Quando è nata la passione per il basket?: “Un pò per caso quando avevo sette anni. Dopo aver provato diversi sport, che non mi avevano appassionato, decisi di intraprendere questa avventura che a quanto pare è risultata essere quella giusta”.

Tre parole per descriverti?: “Diciamo che è una domanda un pò difficile. Ho provato a chiedere in giro e mi hanno dato diverse definizioni, probabilmente non sono facilmente definibile :) Comunque dai ci provo: sono piuttosto tranquilla, ogni tanto mi piace pensare di essere abbastanza simpatica, anche se a volte un pò riservata”.

Il tuo piatto preferito?: “Di sicuro la pizza…”.

Ed il film preferito?: “Frankenstein Junior…le migliori risate”.

Dove sogni di andare in viaggio?: “In generale viaggiare è una delle cose che mi piace di più in assoluto, quindi credo che potrei scegliere infinite destinazioni. Quello che spero di riuscire a fare il prima possibile è sicuramente un viaggio non troppo organizzato magari in giro per l’Europa, del genere “saltare su un treno senza sapere dove andare”. Anche se ovviamente anche io non posso resistere al fascino degli Stati Uniti dove prima o poi vorrei andare”.

L’avversaria più difficile affrontata?: “Fare un nome è un pò complicato, perchè nel corso dei vari campionati ho incontrato tante giocatrici che mi hanno colpito sotto diversi aspetti, cosa che del resto è accaduta anche in occasione degli Europei disputati con la Nazionale. In più sono sicura che alla fine di questa stagione alla lista si aggiungeranno ancora moltissime giocatrici”.

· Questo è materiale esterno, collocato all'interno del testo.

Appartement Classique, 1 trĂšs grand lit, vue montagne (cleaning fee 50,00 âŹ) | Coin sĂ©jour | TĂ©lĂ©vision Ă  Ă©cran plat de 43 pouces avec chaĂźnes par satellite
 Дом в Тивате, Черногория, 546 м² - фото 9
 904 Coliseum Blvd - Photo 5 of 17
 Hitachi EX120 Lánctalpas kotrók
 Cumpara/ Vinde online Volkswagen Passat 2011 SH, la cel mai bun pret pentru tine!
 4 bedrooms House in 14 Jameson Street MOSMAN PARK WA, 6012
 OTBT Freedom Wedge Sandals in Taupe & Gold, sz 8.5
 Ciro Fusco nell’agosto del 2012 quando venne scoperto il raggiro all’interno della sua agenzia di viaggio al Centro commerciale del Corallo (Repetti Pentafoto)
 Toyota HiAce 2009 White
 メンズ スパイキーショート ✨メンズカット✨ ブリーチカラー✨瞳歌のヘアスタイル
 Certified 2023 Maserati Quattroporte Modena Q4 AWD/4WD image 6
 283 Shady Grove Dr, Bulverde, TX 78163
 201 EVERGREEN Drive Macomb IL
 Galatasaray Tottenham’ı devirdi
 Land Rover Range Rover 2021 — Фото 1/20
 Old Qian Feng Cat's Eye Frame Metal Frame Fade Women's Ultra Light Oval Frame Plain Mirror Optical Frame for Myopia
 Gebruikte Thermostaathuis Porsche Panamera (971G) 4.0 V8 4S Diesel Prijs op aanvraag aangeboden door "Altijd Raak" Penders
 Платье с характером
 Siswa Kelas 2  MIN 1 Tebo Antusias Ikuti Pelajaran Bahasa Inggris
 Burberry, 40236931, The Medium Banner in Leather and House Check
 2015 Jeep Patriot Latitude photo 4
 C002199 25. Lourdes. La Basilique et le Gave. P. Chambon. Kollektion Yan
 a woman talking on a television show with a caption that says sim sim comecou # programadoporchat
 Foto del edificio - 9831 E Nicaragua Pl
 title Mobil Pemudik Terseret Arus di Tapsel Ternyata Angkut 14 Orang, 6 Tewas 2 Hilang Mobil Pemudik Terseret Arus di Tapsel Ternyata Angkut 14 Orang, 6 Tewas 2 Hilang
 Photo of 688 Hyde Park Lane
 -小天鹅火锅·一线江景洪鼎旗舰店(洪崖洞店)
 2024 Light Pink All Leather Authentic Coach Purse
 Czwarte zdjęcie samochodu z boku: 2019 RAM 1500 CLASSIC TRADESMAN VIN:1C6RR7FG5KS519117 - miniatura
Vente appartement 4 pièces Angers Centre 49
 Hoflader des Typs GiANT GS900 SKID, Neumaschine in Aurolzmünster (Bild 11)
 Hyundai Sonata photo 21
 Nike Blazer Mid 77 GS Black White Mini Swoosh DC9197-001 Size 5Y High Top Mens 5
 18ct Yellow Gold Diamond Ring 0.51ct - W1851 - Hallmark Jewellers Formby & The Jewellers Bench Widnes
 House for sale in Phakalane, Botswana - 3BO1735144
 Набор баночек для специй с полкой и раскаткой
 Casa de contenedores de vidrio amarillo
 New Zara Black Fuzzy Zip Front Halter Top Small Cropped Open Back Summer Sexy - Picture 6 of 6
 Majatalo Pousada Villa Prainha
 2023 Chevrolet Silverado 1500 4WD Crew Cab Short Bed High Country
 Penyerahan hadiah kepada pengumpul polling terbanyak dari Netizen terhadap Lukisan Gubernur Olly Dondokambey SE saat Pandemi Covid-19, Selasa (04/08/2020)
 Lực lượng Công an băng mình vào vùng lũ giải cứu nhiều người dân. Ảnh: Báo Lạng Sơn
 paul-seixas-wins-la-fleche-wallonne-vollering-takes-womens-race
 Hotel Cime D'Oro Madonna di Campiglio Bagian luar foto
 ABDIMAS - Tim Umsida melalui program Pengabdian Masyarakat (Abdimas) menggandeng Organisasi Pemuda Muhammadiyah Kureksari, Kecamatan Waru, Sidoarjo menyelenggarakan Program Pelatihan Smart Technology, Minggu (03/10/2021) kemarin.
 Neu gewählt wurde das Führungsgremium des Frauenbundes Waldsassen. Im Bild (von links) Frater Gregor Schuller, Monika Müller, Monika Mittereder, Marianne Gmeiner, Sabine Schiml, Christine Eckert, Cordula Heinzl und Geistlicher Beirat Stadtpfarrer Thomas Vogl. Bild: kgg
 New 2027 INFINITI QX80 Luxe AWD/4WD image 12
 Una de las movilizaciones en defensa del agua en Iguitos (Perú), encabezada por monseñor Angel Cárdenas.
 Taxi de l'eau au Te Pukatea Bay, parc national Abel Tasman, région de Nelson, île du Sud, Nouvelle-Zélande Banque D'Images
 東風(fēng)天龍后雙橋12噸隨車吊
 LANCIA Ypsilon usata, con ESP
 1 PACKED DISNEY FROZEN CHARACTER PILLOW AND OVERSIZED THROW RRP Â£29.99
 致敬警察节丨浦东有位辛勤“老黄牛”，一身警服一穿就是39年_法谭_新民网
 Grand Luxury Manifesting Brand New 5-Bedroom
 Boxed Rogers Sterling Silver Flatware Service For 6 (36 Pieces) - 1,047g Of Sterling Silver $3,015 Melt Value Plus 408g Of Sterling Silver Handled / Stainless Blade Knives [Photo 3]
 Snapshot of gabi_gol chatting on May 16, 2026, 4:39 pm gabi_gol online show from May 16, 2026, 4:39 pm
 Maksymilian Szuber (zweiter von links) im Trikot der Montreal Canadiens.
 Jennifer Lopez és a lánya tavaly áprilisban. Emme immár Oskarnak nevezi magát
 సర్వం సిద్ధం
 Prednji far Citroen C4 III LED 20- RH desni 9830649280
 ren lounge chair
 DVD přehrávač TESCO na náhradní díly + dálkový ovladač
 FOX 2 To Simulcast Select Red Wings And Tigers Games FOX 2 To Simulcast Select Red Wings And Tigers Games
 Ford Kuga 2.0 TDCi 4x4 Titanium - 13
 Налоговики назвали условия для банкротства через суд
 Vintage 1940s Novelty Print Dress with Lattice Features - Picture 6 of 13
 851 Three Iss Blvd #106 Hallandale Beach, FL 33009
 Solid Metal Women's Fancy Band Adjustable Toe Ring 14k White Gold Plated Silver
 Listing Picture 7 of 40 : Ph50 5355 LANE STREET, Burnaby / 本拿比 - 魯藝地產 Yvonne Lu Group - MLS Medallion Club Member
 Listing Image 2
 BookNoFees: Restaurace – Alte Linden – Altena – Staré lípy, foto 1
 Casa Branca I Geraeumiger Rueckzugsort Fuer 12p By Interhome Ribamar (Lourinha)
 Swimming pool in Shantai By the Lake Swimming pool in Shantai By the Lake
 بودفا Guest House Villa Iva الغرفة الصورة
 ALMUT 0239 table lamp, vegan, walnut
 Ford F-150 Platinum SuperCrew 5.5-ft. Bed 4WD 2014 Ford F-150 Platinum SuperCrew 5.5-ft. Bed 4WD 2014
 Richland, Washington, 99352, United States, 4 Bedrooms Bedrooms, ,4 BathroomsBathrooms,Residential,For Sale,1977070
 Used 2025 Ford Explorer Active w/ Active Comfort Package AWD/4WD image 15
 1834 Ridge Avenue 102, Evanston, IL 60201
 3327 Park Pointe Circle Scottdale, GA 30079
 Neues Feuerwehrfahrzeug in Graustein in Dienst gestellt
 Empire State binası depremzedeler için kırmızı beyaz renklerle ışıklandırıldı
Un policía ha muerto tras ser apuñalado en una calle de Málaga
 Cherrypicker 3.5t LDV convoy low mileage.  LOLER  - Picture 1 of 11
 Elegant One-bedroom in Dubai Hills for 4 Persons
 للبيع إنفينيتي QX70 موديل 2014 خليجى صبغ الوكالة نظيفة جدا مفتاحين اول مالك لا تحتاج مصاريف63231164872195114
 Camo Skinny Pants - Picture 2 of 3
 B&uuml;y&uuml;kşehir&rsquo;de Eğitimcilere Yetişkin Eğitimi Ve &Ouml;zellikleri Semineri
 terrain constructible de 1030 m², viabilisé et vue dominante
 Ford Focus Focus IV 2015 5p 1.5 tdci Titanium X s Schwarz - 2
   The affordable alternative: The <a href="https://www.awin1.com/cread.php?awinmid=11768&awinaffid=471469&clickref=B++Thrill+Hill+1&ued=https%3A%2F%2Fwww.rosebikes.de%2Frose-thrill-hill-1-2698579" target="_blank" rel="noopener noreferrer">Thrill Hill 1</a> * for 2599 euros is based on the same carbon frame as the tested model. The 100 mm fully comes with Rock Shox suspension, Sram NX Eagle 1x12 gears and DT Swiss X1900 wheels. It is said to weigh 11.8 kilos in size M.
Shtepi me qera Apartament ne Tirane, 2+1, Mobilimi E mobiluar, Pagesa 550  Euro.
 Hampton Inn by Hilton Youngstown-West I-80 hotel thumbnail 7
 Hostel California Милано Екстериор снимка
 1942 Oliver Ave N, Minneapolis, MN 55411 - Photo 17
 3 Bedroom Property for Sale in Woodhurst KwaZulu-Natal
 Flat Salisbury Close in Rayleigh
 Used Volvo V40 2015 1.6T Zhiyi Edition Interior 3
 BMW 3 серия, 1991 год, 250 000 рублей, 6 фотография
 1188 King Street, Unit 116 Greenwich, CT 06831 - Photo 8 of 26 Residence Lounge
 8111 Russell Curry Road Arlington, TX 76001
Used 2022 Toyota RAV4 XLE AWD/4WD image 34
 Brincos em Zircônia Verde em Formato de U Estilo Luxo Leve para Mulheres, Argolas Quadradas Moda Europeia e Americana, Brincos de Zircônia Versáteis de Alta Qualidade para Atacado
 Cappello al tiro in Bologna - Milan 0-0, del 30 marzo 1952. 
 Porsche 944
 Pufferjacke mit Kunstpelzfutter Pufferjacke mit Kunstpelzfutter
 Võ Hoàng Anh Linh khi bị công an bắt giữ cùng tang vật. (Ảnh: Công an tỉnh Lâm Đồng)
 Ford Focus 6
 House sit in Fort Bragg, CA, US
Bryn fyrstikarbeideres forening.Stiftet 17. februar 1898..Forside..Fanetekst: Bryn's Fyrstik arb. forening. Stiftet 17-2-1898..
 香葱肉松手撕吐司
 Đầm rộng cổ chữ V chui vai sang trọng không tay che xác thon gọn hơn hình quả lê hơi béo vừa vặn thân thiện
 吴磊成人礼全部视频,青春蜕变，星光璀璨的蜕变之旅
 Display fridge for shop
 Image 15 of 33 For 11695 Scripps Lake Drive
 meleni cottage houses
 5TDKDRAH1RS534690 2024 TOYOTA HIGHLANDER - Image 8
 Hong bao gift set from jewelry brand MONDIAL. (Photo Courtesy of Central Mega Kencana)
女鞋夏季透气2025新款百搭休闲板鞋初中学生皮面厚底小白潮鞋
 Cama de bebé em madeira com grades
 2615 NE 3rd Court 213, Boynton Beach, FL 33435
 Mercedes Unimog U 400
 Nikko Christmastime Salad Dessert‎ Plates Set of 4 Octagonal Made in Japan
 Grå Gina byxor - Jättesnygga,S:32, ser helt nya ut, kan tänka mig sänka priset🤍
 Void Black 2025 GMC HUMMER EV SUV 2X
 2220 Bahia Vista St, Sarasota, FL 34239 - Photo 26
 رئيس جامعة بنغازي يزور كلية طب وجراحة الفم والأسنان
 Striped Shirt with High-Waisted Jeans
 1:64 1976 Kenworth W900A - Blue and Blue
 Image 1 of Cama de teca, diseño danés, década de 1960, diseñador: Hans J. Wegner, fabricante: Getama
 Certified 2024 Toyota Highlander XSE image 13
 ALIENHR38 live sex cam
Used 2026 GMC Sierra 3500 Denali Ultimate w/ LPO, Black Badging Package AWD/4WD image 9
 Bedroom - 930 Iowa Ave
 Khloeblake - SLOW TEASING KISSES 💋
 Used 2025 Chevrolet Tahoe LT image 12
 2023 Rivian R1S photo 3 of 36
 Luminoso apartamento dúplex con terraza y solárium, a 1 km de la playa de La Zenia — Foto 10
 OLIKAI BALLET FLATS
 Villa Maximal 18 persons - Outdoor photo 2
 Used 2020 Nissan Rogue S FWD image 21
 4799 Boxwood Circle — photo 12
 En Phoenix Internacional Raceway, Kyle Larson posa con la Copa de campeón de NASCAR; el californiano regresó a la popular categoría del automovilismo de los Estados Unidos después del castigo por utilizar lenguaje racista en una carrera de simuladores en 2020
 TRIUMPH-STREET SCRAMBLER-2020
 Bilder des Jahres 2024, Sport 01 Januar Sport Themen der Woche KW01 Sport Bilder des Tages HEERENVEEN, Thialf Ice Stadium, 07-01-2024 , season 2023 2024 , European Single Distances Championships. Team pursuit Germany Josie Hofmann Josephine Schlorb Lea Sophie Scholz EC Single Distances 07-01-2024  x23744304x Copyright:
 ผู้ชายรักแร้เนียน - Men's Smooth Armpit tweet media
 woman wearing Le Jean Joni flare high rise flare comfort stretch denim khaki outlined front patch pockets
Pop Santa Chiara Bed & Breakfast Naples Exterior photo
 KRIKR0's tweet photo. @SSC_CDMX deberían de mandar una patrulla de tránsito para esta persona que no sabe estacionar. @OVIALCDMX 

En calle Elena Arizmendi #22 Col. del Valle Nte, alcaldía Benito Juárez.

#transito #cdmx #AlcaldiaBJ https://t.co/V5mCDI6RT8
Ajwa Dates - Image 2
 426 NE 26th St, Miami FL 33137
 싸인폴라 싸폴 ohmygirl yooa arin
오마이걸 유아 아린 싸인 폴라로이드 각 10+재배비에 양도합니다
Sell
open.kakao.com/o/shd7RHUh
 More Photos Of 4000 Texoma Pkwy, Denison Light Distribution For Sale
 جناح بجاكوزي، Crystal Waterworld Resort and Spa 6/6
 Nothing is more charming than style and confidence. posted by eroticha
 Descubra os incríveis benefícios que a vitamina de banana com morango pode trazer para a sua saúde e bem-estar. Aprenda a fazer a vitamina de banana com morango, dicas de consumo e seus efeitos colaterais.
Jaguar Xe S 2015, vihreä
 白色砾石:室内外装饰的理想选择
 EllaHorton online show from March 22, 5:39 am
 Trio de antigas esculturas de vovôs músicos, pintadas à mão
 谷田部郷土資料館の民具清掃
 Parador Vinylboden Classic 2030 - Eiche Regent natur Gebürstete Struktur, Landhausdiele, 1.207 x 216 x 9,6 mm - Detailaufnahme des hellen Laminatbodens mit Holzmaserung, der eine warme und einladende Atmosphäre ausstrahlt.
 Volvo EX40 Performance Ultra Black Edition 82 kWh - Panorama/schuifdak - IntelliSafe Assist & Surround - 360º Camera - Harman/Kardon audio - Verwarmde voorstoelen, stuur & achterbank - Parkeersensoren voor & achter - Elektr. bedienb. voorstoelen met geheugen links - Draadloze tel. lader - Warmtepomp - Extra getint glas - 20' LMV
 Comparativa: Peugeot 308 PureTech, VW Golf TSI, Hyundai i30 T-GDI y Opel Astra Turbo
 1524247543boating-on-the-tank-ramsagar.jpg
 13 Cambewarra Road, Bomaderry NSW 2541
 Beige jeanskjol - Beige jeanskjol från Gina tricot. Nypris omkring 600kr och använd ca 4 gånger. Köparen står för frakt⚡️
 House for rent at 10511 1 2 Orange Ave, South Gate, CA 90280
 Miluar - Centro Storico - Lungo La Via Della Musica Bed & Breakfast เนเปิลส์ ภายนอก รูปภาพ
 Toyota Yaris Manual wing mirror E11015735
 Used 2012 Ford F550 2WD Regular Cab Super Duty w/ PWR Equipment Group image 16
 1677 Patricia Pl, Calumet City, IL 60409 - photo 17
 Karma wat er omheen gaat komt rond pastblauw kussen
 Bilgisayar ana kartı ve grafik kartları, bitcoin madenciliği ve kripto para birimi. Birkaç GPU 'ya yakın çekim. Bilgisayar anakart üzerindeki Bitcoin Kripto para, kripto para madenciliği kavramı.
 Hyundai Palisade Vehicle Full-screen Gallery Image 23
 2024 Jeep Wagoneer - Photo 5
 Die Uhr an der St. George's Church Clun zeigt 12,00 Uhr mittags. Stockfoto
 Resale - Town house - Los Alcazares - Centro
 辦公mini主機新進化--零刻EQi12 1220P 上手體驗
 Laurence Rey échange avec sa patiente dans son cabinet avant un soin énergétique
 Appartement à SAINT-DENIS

Un modello di giocatrice?: –

La miglior amica nel mondo della pallacanestro?: “Valentina Bonasia. Dopo aver vissuto insieme due anni a Cervia nelle giovanili quest’anno ci siamo ritrovate a Battipaglia”.

Hai un rito scaramantico prima di ogni partita?: “A dir la verità no, ma sono molto legata al numero 17”.

Il ricordo più bello da cestista?: “Direi la promozione in A1 conquistata con la PB63Lady nella scorsa stagione”.

Ed un sogno per il futuro?: “Preferisco ragionare a breve termine, ed avere sogni da poter provare a realizzare nel presente. Un esempio può essere l’obiettivo da raggiungere quest’anno in questa nuova avventura che ho iniziato a vivere con le mie compagne di squadra”.